[Opening Material for this exercise section]

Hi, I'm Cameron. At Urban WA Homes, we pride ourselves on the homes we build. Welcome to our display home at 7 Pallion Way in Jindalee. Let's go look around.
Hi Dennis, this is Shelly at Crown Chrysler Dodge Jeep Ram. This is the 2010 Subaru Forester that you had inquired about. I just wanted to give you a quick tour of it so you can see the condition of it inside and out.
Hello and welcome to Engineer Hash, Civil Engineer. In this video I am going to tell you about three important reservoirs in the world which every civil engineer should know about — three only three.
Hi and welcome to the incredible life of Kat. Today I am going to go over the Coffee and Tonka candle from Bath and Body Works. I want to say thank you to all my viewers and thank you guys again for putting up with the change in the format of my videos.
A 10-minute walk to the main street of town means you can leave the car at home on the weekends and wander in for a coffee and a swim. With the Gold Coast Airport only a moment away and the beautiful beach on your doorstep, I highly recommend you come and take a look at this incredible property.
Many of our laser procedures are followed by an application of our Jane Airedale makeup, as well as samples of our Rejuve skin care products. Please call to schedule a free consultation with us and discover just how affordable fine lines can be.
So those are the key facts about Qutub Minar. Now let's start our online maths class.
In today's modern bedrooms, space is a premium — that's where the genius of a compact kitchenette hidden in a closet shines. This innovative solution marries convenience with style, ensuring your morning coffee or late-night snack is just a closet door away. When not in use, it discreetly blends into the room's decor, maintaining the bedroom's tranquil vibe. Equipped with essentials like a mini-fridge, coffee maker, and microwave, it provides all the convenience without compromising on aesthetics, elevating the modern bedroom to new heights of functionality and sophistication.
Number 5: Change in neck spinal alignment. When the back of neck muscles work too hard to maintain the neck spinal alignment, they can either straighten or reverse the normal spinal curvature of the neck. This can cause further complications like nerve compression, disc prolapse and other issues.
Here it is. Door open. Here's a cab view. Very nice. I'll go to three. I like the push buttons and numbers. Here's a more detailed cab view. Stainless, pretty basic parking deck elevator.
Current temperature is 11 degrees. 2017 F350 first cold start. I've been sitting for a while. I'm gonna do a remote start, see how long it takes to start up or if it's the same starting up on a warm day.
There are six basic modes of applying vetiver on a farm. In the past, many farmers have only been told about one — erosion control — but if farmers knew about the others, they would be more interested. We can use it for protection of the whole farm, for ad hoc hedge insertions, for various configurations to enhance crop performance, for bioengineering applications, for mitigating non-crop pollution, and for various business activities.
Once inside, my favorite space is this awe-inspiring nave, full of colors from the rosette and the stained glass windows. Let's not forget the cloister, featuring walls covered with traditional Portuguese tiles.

[Closing Material for this exercise section]

Write out every line of the data exactly, leaving nothing out.

= Written response =
Hi, I'm Cameron. At Urban WA Homes, we pride ourselves on the homes we build. Welcome to our display home at 7 Pallion Way in Jindalee. Let's go look around.
Hi Dennis, this is Shelly at Crown Chrysler Dodge Jeep Ram. This is the 2010 Subaru Forester that you had inquired about. I just wanted to give you a quick tour of it so you can see the condition of it inside and out.
Hello and welcome to Engineer Hash, Civil Engineer. In this video I am going to tell you about three important reservoirs in the world which every civil engineer should know about — three only three.
Hi and welcome to the incredible life of Kat. Today I am going to go over the Coffee and Tonka candle from Bath and Body Works. I want to say thank you to all my viewers and thank you guys again for putting up with the change in the format of my videos.
A 10-minute walk to the main street of town means you can leave the car at home on the weekends and wander in for a coffee and a swim. With the Gold Coast Airport only a moment away and the beautiful beach on your doorstep, I highly recommend you come and take a look at this incredible property.
Many of our laser procedures are followed by an application of our Jane Airedale makeup, as well as samples of our Rejuve skin care products. Please call to schedule a free consultation with us and discover just how affordable fine lines can be.
So those are the key facts about Qutub Minar. Now let's start our online maths class.
In today's modern bedrooms, space is a premium — that's where the genius of a compact kitchenette hidden in a closet shines. This innovative solution marries convenience with style, ensuring your morning coffee or late-night snack is just a closet door away. When not in use, it discreetly blends into the room's decor, maintaining the bedroom's tranquil vibe. Equipped with essentials like a mini-fridge, coffee maker, and microwave, it provides all the convenience without compromising on aesthetics, elevating the modern bedroom to new heights of functionality and sophistication.
Number 5: Change in neck spinal alignment. When the back of neck muscles work too hard to maintain the neck spinal alignment, they can either straighten or reverse the normal spinal curvature of the neck. This can cause further complications like nerve compression, disc prolapse and other issues.
Here it is. Door open. Here's a cab view. Very nice. I'll go to three. I like the push buttons and numbers. Here's a more detailed cab view. Stainless, pretty basic parking deck elevator.
Current temperature is 11 degrees. 2017 F350 first cold start. I've been sitting for a while. I'm gonna do a remote start, see how long it takes to start up or if it's the same starting up on a warm day.
There are six basic modes of applying vetiver on a farm. In the past, many farmers have only been told about one — erosion control — but if farmers knew about the others, they would be more interested. We can use it for protection of the whole farm, for ad hoc hedge insertions, for various configurations to enhance crop performance, for bioengineering applications, for mitigating non-crop pollution, and for various business activities.
Once inside, my favorite space is this awe-inspiring nave, full of colors from the rosette and the stained glass windows. Let's not forget the cloister, featuring walls covered with traditional Portuguese tiles.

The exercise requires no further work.